Just like most of the recent romantic comedies, Richie Ren's role is rather weak and impotent, while Cecilia Cheung is the agressive one. She initiates the romance and she is always the one taking control. To be honest, I was little disappointed with this "My-Sassy-Girliefied" construction of characters. I was definitely expecting more from the filmmaker. Wong Jing was always the trend maker in the past, from the Romancing Star series to God of Gambler, his films had always acted as a pioneer and influenced many imitators in the mainstream market of commercial cinema. But in these few years, most of his works like Love Me Love My Money were unable to grab the attention of both the audience and the filmmakers in a larger scale anymore. His latest work Color of the Truth was even accused of being a copycat of Infernal Affairs (Although it is not). Let's hope it does not signify the recession of Wong Jing's role in the film business.
Cecilia Cheung's performance is qualified.

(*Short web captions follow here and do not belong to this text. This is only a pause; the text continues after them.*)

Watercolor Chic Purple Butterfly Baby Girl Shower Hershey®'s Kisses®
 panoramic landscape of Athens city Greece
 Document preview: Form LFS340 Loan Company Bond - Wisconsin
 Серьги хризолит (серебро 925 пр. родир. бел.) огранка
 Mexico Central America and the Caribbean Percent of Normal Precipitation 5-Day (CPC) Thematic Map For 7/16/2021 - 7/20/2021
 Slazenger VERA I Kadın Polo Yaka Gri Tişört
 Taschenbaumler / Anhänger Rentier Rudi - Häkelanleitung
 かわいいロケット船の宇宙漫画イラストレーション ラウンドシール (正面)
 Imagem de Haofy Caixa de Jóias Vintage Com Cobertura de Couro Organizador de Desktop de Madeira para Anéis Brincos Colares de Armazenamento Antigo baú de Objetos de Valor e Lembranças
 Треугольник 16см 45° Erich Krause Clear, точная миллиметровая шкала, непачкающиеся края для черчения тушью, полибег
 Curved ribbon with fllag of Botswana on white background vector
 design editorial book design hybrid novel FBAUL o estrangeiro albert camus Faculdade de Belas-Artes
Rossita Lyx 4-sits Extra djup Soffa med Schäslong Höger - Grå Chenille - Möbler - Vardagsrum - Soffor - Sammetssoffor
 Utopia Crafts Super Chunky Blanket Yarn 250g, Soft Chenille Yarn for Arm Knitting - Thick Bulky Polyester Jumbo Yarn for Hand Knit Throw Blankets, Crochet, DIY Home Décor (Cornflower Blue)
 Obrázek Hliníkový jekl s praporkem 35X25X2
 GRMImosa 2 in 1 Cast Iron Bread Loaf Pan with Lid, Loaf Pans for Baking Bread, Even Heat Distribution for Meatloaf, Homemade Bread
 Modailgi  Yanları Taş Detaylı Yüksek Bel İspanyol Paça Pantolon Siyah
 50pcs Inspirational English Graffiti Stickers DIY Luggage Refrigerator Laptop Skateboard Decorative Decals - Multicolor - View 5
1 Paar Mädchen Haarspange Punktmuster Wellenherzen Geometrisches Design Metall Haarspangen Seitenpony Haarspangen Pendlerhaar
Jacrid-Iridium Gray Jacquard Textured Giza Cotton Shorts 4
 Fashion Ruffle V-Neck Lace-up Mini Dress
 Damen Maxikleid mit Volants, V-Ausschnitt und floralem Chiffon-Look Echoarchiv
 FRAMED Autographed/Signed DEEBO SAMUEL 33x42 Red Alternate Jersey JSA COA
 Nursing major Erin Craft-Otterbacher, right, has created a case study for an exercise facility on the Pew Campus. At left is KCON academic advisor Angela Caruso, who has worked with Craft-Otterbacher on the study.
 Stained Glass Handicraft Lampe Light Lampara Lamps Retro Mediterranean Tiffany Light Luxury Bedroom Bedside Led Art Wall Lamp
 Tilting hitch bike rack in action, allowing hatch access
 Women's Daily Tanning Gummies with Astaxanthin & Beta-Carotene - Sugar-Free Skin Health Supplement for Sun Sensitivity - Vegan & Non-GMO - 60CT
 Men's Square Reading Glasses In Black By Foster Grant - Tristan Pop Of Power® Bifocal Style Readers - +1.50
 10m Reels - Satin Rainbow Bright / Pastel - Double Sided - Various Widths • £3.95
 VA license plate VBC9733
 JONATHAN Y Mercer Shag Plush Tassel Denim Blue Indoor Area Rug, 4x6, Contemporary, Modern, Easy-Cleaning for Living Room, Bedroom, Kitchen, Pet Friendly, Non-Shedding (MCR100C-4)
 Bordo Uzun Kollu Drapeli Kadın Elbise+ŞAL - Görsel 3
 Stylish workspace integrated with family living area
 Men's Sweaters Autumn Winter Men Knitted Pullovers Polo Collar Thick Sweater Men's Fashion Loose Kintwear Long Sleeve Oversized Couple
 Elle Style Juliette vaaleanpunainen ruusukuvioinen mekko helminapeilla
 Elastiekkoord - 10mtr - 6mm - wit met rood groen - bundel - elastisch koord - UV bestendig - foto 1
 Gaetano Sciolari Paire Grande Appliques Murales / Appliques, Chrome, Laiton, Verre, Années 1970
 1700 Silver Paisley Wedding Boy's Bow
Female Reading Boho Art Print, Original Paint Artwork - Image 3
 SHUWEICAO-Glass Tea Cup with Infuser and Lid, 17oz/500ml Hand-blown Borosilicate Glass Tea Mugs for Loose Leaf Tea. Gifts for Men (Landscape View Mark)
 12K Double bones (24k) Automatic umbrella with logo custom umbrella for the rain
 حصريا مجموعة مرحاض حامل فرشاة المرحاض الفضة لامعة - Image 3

Her conveyance of emotions and bodily gestures are precise and phenomenal. Richie Ren and Raymond Wong are not bad. Their sense of humor is better than I expected. Raymond Wong is one of the most underrated new actors in Hong Kong. He has been in many movies (He is known as a regular in Johnnie To's movies) but was never actually able to impress the audience enough to make it big. Recently, he has finally got his first lead role in a major production Color of the Truth, but unfortunately, he was not the focus of the promotion, as big names Anthony Wong, Francis Ng and Lau Ching-wan were the ones capturing the spotlights. Chapman To as the goon-like character is getting annoying as he has played a similar role in too many movies lately.
It is easy to make a conclusion on Honesty. You wouldn't gain much viewing this movie, and you also wouldn't lose much skipping this movie. Let's hope Wong Jing's Color of the Truth would make a difference!